**Activity:**
Please reproduce all the data exactly as written and omit the pictures.

**Stored data:**
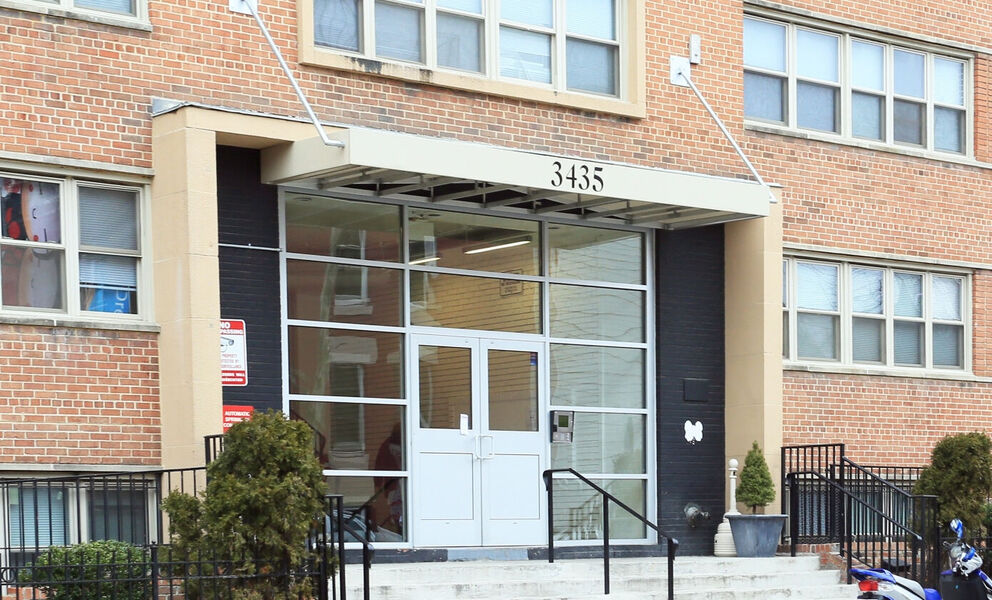Holmead Apartments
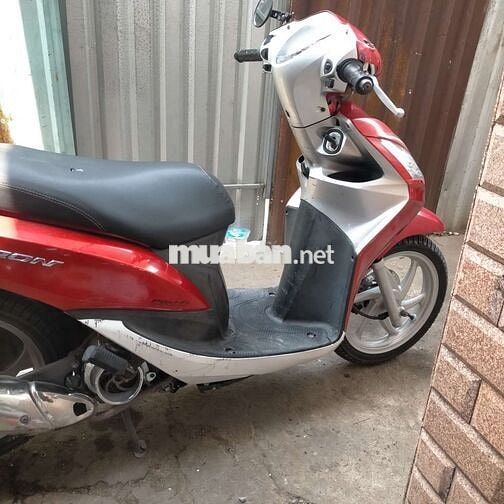 Honda Vision 2025 Cao Cấp màu Đỏ
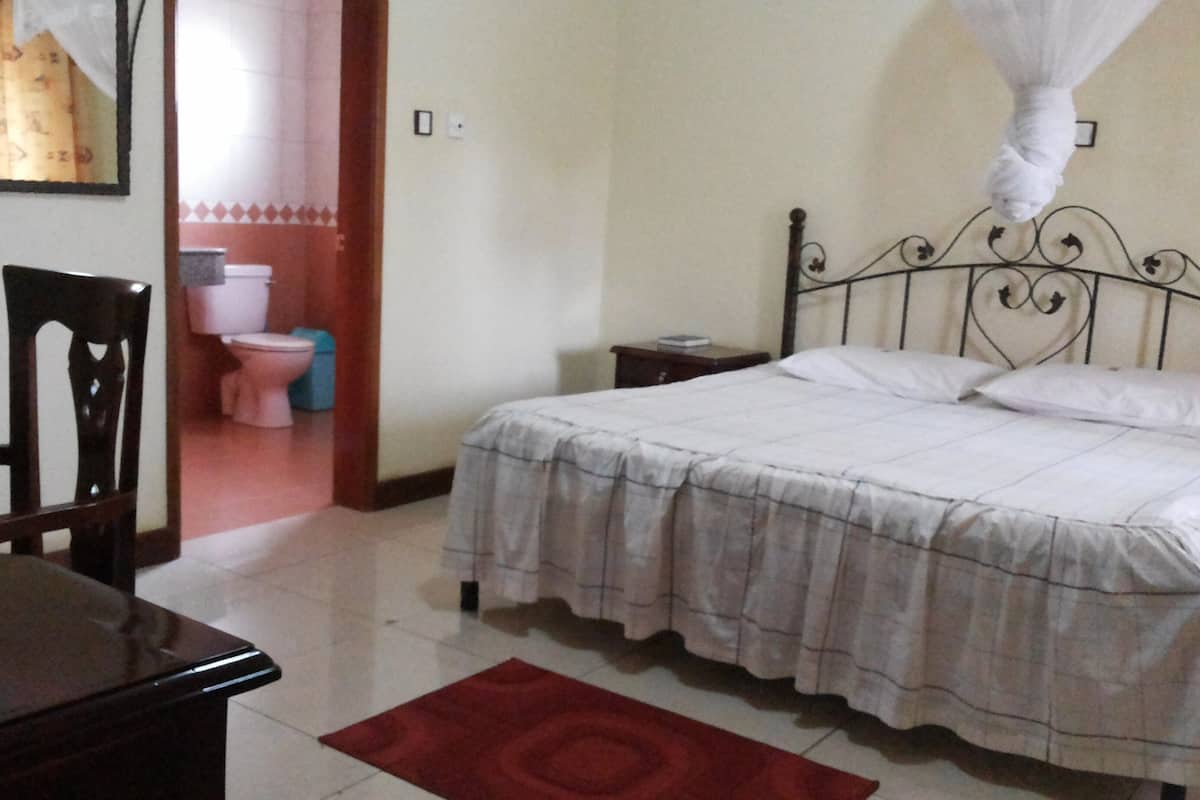 Escritorio, espacio para trabajar con laptop y cortinas blackout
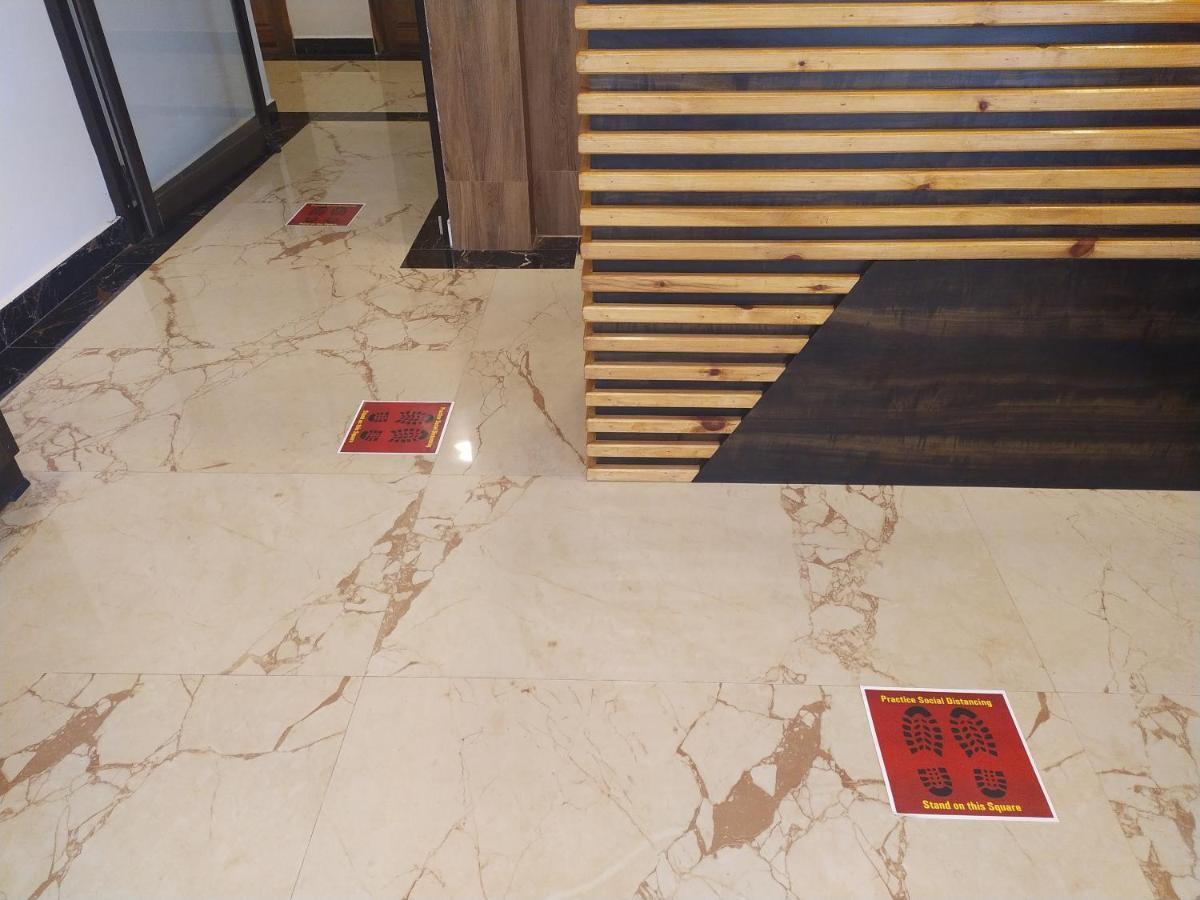 Hotel Rani And Rani Residency ポンディシェリ エクステリア 写真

**Solution:**
Holmead Apartments
 Honda Vision 2025 Cao Cấp màu Đỏ
 Escritorio, espacio para trabajar con laptop y cortinas blackout
 Hotel Rani And Rani Residency ポンディシェリ エクステリア 写真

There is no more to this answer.